Tag Archives: d3

Natural Language Processing: Reading Project Gutenberg

This post is an process exploration of my most recent project, Reading Project Gutenberg, a proof of concept for a content-analysis recommendation engine. I’m going to go deep on process for this one, more so than the other projects. Still trying to get the hang of explaining all this, so reach out with questions.

For our third project at Metis, we dipped into Natural Language Processing, a way of machine learning that deals with reading and interpreting text. Google Translate, for example, uses machine learning to automatically translate text, which is an insanely hard thing to do.

Another caveat of the project: we needed to do unsupervised machine learning. (A primer on those topics here.) Basically, we had to write a program that would read text and do something with it, and we couldn’t provide the program with examples of what we wanted.

Is that vague enough for you?

My idea: Project Gutenberg is a great site dedicated to creating and distributing free e-books. Compared to Amazon, Gutenberg has little to no data about what users like what books.

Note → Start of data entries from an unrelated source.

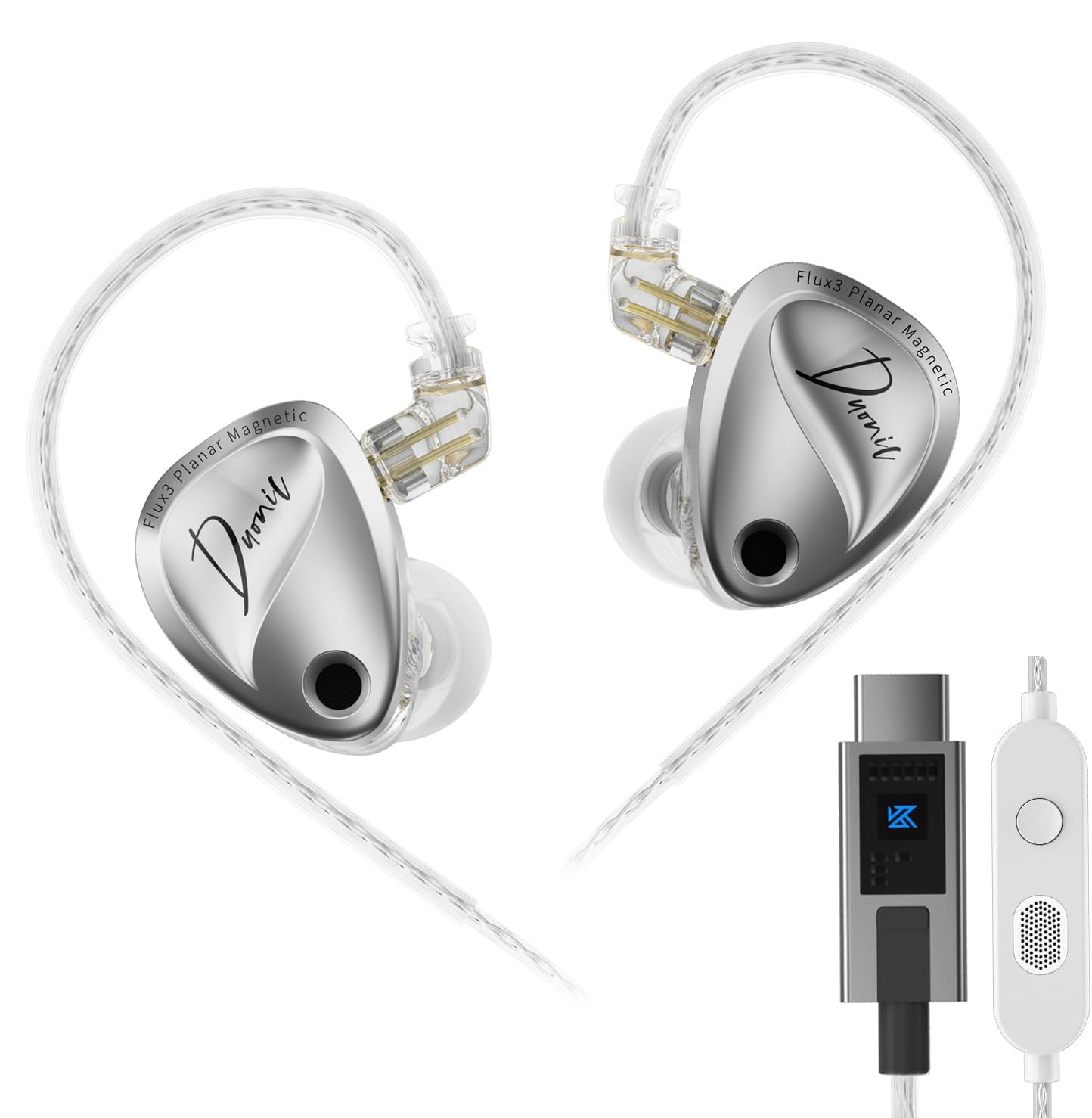 Amazon.co.jp: KZ Duonic イヤホン 有線 タイプc、トリプルマグネット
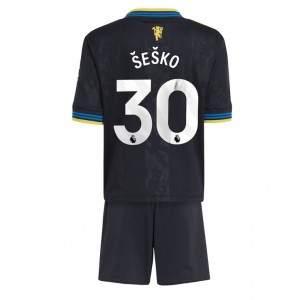 Fotbalové Dres Manchester United Benjamin Sesko #30 Dětské Třetí Oblečení 2025-26 Krátký Rukáv (+ trenýrky)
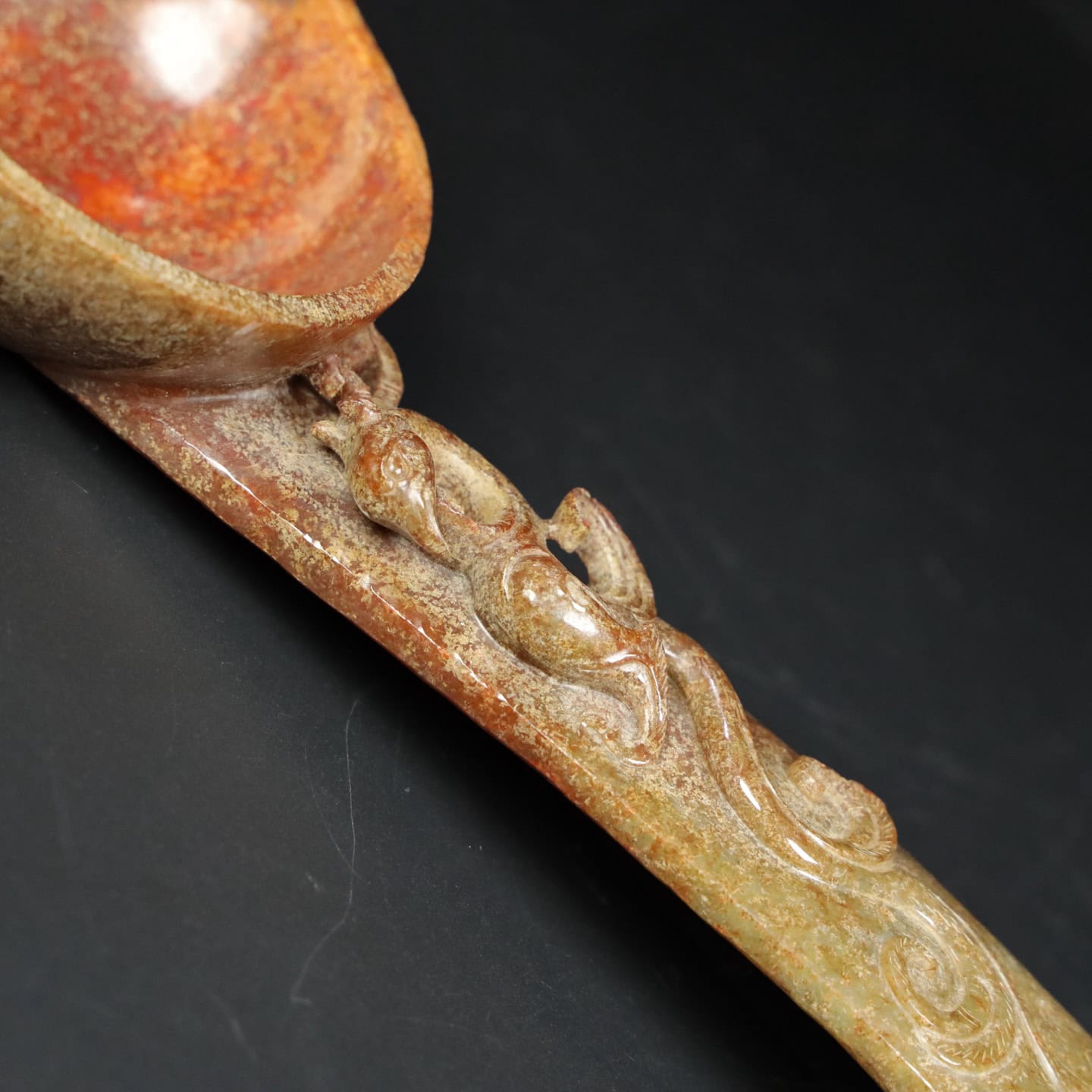 Chinese Natural Jade Carved spoon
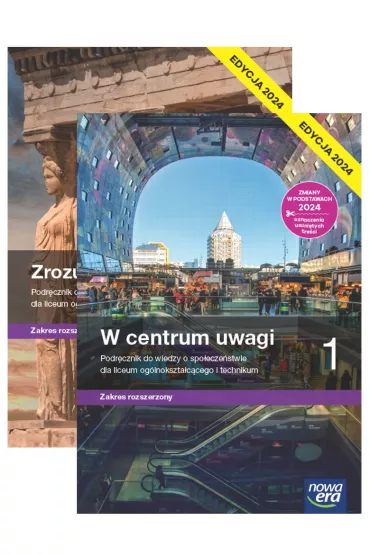 Pakiet podr�cznik�w: Zrozumie� przesz�o��, W centrum uwagi. Zakres rozszerzony. Liceum i technikum. Klasa 1. Edycja 2024 - Arkadiusz Janicki, Arkadiusz Peisert, Krzysztof Kowalewski, Ryszard Kulesza, Jerzy  Komorowski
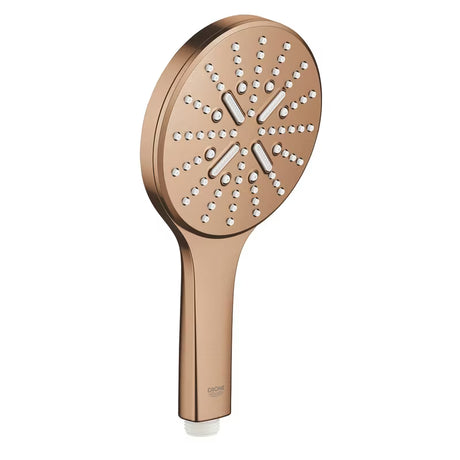 Rankinis dušas Grohe Rainshower smartactive 130, paviršius brushed warm sunset, su mygtuku SmartTip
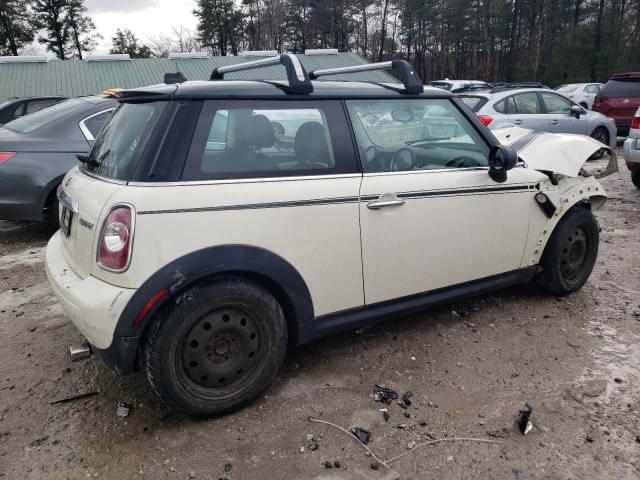 WMWSU3C56DT374409 - 2013 MINI COOPER WHITE photo 3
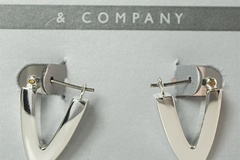Liquidation/Wholesale Lot: 20 prs-Nine West Sterling Silver Finish Earrings-carded-$2.50 prs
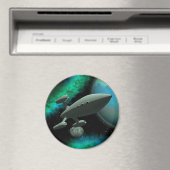 Aimant Explorateur Starship (Round) (In Situ (Lave-vaisselle))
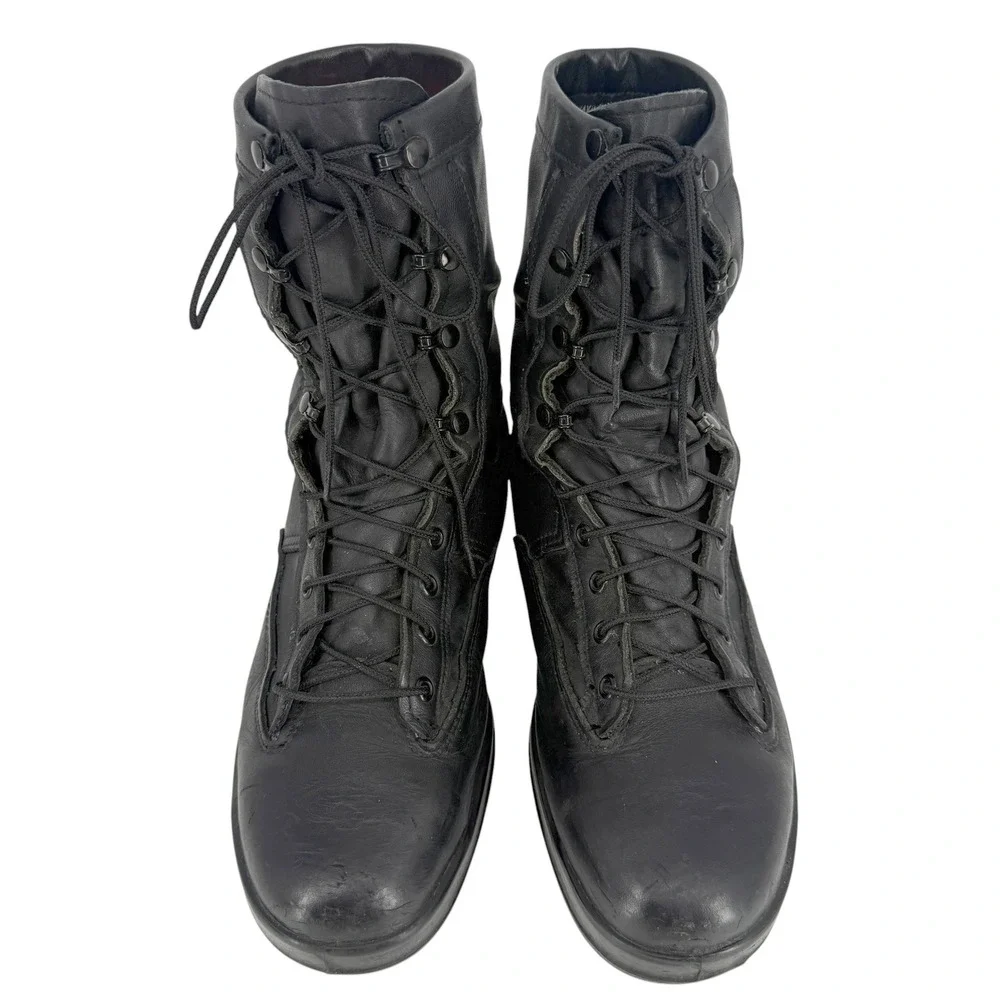 Belleville 800ST Steel Toe Flight Combat Boots Mens 11 W Black Leather Vibram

So how can I help them with data science? By building a basic recommendation engine, which will offer books similar to a chosen selection. This can help guide readers to books they might like.

Here’s the process.


Logically, it makes sense that books that discuss similar topics and are written similarly would be enjoyed by similar readers. Knowing this, we can read and categorize each book by the words in it. Using NLP, we can separate out topics, ideas and themes, and find books that are alike.

This is called “clustering.” If we can prove that books can be distributed into similar clusters, we can begin sharpening those clusters and defining them. Perhaps we’ll see a “sci-fi” or a “war” cluster. For the recommendation engine, this will help us identify similar books.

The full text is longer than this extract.